C’est en effet là que le bât blesse. S’il peut être très intéressant de jouer à un titre où l’observation est centrale pour pouvoir progresser, une mécanique de ce type poussée à l’extrême peut se révéler être une entrave au plaisir de jeu. Il est normal de mourir plusieurs fois dans un die and retry avant de trouver la solution. Mais ici, le problème est que quelques événements ne se déclenchent qu’à certains moments. Et s’il y a bel et bien des indices pour nous mettre le parasite à l’oreille quant à la manière d’avancer, les rater est synonyme de pertes de temps considérables. On se dit simplement qu’il faut chercher ailleurs, et on tourne en rond pendant des dizaines de minutes jusqu’à ce que l’on se rende compte que, piccolo, on a raté le seul indice (toujours trop bien caché) qui nous aurait permis de progresser.

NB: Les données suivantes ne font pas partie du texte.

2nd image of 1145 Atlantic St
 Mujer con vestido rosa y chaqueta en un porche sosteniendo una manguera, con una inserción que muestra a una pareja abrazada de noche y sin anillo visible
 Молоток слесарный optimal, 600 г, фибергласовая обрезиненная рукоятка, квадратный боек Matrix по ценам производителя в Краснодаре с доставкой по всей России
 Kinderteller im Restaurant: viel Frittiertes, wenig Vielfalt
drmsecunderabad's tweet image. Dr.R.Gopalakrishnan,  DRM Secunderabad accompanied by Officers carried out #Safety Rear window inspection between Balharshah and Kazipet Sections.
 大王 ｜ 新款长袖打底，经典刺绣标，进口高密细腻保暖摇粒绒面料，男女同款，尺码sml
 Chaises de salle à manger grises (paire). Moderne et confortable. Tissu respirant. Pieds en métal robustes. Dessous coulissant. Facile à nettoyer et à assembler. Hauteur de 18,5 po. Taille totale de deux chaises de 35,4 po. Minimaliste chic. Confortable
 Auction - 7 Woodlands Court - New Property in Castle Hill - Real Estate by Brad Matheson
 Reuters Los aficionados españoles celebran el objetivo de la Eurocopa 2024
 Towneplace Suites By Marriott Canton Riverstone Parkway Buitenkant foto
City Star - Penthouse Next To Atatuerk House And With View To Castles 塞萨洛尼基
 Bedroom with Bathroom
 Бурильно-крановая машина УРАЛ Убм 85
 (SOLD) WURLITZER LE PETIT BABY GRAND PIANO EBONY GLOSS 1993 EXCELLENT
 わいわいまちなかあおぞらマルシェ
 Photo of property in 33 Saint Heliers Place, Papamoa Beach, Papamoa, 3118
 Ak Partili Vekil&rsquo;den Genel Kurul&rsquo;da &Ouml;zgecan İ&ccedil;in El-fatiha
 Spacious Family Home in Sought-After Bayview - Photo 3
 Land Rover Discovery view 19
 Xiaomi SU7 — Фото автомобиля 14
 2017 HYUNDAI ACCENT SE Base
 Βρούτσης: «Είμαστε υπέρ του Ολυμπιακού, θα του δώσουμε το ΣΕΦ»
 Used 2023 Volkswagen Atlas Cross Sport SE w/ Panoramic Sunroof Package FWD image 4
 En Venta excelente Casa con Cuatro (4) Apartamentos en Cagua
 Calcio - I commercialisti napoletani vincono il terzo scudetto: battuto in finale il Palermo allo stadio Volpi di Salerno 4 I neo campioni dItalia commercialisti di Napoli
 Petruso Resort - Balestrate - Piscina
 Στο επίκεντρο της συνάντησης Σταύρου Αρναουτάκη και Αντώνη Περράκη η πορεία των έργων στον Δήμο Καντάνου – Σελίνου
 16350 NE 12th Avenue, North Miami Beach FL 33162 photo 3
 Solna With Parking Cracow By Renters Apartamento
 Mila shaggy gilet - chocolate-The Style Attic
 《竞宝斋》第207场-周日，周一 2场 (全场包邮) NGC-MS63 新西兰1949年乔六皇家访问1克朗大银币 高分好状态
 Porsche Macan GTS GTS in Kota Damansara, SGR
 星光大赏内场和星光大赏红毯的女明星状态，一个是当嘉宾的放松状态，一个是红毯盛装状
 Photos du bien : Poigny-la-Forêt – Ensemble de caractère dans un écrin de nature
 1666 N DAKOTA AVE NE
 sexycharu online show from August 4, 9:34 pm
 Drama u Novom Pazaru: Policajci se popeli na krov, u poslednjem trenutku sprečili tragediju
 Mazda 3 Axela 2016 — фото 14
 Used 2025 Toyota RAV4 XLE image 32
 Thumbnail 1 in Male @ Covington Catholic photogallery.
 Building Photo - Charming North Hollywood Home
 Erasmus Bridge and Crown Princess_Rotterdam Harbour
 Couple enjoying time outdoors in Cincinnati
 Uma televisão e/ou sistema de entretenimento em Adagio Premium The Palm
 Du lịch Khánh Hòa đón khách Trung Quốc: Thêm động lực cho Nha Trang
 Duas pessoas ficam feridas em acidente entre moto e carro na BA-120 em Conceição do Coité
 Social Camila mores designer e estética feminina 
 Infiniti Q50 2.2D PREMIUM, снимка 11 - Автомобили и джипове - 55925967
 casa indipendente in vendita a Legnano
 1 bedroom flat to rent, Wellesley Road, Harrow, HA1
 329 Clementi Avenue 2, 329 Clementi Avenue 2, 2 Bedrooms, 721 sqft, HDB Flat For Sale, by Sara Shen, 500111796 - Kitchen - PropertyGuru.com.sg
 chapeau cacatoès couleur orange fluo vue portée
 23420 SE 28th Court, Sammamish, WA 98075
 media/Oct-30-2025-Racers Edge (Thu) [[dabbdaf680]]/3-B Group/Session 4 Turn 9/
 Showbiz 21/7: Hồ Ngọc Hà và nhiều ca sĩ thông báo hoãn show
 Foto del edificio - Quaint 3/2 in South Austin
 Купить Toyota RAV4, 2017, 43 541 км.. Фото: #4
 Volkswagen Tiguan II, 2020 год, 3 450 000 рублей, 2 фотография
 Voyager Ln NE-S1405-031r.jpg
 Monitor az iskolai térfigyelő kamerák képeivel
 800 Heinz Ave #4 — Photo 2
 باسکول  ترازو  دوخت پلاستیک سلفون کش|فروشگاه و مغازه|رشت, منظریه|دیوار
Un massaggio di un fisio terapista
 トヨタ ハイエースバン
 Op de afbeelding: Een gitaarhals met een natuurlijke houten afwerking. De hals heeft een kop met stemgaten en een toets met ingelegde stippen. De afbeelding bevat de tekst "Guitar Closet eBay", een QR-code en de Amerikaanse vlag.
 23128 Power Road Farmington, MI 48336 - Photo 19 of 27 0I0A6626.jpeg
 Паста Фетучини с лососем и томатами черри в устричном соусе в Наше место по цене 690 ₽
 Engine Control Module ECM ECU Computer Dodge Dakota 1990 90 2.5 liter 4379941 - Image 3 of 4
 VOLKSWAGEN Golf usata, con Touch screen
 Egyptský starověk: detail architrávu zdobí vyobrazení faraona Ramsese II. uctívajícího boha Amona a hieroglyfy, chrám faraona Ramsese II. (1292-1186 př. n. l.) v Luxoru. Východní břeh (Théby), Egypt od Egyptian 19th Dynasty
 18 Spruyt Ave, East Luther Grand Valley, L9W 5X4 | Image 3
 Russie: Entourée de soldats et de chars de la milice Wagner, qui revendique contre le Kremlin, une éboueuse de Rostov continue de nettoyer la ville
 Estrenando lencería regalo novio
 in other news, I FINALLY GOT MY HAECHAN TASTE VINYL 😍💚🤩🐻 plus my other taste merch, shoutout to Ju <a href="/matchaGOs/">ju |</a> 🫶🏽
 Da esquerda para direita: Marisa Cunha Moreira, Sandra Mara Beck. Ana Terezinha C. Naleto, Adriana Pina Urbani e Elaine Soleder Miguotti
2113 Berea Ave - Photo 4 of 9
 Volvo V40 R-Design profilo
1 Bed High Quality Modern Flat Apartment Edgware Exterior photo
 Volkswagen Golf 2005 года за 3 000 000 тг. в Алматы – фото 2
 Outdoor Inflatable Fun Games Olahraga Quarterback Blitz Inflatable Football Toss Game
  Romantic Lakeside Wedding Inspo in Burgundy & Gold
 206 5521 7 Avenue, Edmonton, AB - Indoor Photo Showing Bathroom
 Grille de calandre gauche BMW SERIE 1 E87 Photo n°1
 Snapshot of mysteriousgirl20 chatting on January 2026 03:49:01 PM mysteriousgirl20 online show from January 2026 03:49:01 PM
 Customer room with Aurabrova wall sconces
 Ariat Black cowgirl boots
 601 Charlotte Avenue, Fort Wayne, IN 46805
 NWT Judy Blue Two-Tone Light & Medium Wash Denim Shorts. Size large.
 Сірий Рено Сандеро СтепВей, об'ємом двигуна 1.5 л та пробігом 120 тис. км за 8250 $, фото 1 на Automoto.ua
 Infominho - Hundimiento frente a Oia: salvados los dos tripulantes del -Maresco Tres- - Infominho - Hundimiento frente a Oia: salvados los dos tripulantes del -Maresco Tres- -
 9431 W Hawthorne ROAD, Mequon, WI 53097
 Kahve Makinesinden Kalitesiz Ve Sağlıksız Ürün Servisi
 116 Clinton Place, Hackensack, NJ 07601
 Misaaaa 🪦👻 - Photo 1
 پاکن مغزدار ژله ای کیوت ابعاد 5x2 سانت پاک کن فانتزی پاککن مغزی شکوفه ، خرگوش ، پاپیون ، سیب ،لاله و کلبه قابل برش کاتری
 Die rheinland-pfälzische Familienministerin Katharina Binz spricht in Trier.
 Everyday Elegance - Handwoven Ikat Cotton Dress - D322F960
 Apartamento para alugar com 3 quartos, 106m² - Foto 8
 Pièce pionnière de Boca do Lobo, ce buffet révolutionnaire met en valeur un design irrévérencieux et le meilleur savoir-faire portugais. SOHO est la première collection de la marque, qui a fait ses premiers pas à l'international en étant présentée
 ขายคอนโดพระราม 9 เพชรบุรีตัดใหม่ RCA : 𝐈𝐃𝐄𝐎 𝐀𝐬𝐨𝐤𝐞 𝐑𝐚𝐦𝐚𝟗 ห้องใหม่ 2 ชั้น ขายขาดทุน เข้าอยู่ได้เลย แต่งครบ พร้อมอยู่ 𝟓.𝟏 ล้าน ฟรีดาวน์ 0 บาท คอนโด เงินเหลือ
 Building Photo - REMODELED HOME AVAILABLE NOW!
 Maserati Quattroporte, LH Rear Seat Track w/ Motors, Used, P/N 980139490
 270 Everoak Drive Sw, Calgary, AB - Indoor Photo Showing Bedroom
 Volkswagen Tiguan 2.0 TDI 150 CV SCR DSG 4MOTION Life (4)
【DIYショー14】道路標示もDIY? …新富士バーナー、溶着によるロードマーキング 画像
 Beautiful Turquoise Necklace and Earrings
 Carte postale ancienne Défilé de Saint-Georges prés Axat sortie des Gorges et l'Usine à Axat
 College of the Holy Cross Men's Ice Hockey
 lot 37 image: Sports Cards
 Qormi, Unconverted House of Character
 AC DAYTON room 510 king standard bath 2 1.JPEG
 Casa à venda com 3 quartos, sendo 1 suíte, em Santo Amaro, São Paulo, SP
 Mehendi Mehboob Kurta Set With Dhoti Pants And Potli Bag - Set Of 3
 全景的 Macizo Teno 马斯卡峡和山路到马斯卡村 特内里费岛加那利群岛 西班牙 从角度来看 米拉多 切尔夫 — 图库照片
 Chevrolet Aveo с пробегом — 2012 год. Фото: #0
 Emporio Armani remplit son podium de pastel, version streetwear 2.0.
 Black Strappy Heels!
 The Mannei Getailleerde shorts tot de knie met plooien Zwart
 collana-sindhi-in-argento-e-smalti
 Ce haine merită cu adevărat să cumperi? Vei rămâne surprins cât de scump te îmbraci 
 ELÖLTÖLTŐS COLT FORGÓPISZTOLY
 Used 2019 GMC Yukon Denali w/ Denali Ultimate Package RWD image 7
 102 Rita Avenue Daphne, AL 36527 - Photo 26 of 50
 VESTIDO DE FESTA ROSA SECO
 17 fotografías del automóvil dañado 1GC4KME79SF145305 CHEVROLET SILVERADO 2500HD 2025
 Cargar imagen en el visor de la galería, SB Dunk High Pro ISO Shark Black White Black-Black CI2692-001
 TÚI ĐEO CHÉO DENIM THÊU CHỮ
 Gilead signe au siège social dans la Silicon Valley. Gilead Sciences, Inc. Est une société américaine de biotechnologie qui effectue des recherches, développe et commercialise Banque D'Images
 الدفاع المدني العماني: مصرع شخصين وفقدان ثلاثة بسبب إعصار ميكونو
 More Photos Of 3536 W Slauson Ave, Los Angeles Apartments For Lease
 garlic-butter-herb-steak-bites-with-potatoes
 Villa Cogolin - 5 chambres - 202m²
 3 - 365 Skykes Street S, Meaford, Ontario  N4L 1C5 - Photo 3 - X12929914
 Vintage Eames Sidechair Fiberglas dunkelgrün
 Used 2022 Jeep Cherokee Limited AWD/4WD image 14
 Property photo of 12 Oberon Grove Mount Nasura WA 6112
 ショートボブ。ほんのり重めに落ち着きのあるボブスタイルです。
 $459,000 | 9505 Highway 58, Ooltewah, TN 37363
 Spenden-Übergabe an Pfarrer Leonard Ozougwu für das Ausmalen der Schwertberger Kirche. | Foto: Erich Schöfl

L’autre défaut du jeu réside dans la pression qui pèse en permanence sur le joueur. Les ennemis impitoyables, l’environnement dangereux et les inondations périodiques provoquent une angoisse telle qu’il n’est pas toujours possible de profiter de l’ambiance tout à fait fantastique du titre. L’erreur commise est d’oublier que la difficulté doit servir le gameplay, doit être un élément de game design, sinon, elle n’est qu’un obstacle. Rain World reste une expérience sympathique en dépit de ses défauts, mais qui ne plaira pas à tout le monde. 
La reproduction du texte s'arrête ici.